Nvidia has always been in the leading position in chips. Since it entered the vehicle computing platform in 2015, it has provided basic computing power for intelligent driving. It has launched 4 products, namely Drive PX, Drive PX2, Drive AGX Xavier/Pegasus and Drive AGX/ Orin. At the same time, a new generation of SoC chip Orin will be launched in 2019. Compared with Xavier, it adopts the new Ampere architecture, and its computing power enters the top 200 intelligent driving domain controllers. NXP launched Blue-BOX in 2016 equipped with NXP S32V automotive vision processing and LS2088A embedded computer processor for modular management of sensors. Intel released Inter GO in 2017 equipped with two Mobilieye EQ5 camera chips, one for visual perception and one for information fusion. Inter GO uses FPGA as acceleration hardware and supports 5G communication at the same time.
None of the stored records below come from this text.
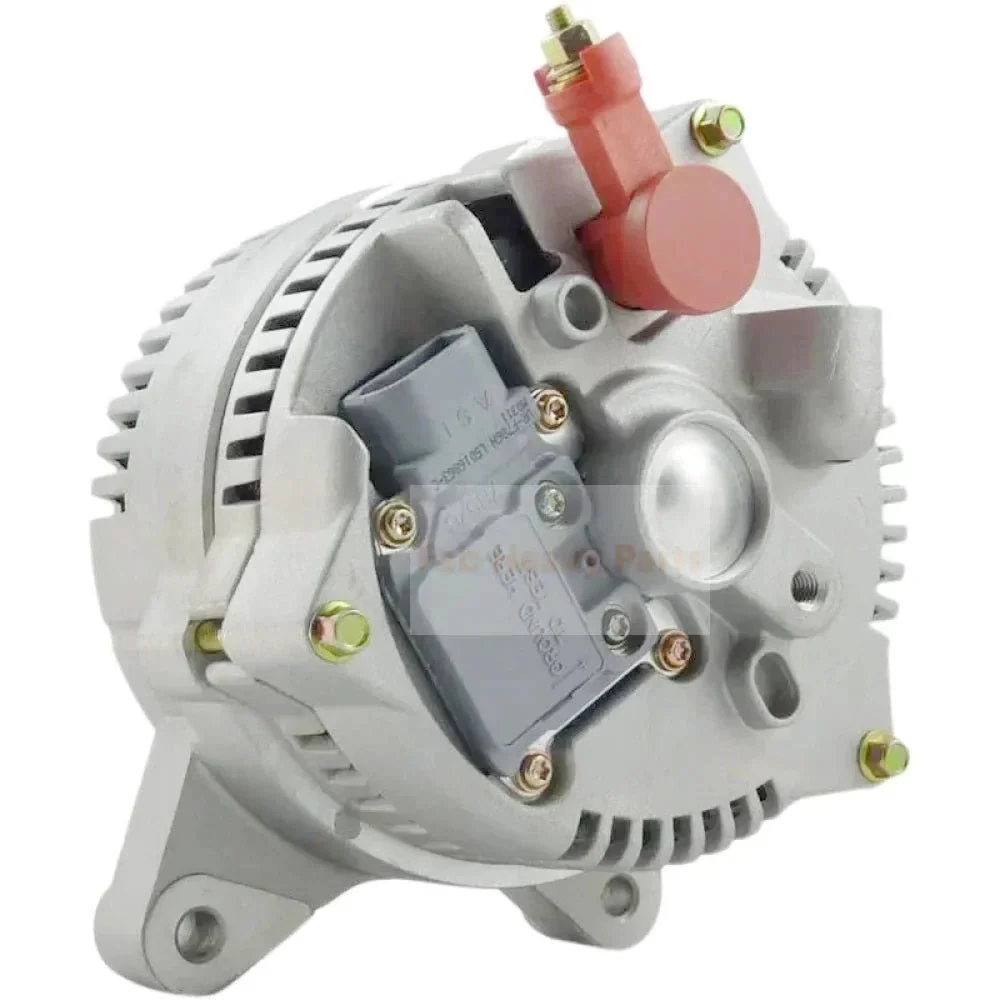 Uusi 12V 130A Laturi 210-5202 F7PU10346KA GL417 7791 Sopii Ford F-350 F-450 Super Duty 6.8L/415CI V10 1999-2001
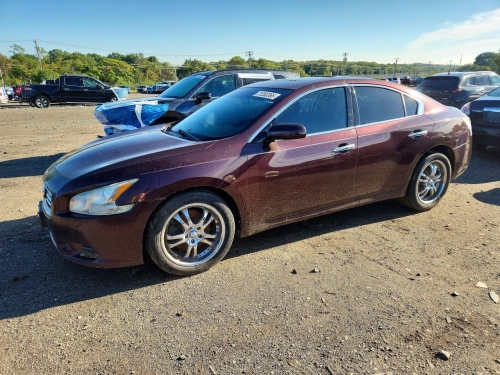 2014 NISSAN MAXIMA 3.5 S  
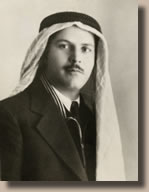 1945 - Abdelqader Al Husseini Portrait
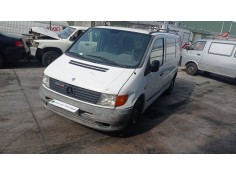 mercedes-benz vito (w638) caja cerrada del año 2000
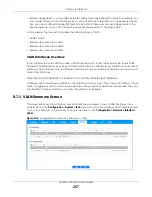 Предварительный просмотр 257 страницы ZyXEL Communications ATP200 User Manual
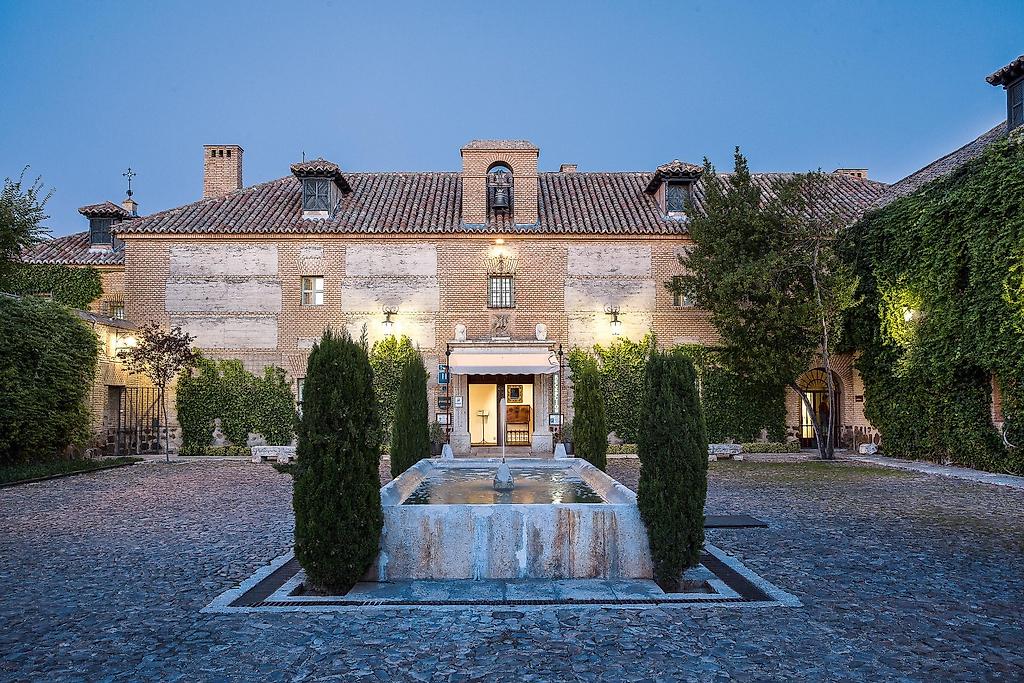 Parador de Almagro, Resort/Hotelanlage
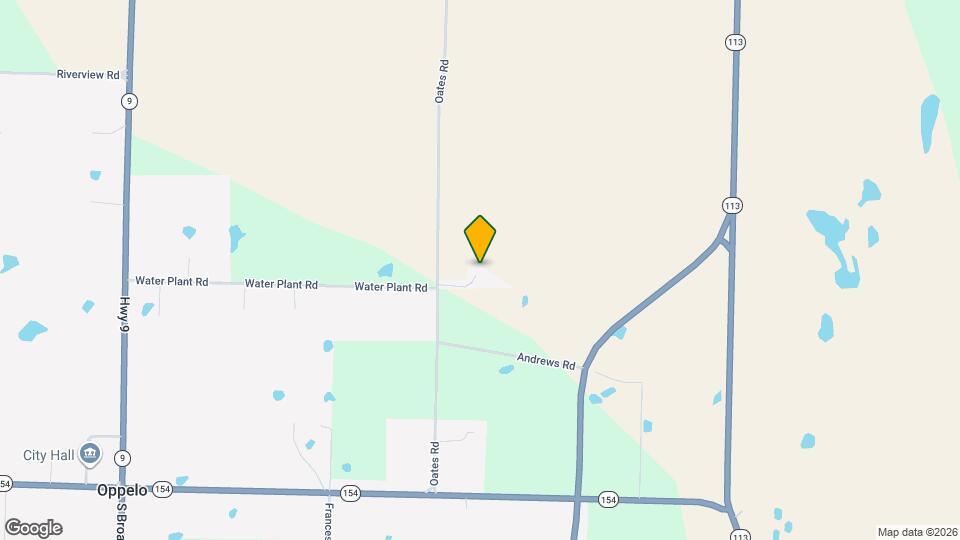 21 Bryant Ave Map and Location Details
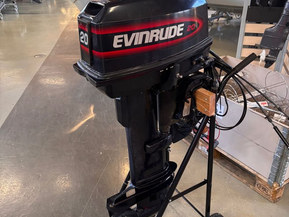Evinrude 20 hv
As shown in Figure 3(a), the "DASy" developed by Bosch will become a centralized automotive architecture component, regardless of software and hardware, can be customized according to customer needs. Continental's ADC uses Renesas as its hardware architecture. For high configuration, using NVIDIA hardware architecture, ADC can support L2 to L5 intelligent driving. At the 2019 Shanghai Auto Show, ZF launched Pro AIRobotThink, which is applicable to L4-level intelligent driving, and it can configure the corresponding scenarios. As shown in Figure 3(b), the MDC platform launched by Huawei can be optimized through the integration of underlying software and hardware, and is now at the leading level in the industry in terms of time synchronization, minimum noise floor, low power consumption, and fast startup. As an open platform, MDC can provide standard and open API and SDK development kits. The Matrix 2 launched by Horizon supports 23-line segmentation. In complex environments, its monocular vision solution can output relatively stable perception results in extreme environments. The ADCU of Hongjing Zhijia optimizes the software and hardware system, so that the maximum power consumption of the whole machine does not exceed 100W. Its high efficiency and low consumption have very wide adaptability and can be applied to a variety of models.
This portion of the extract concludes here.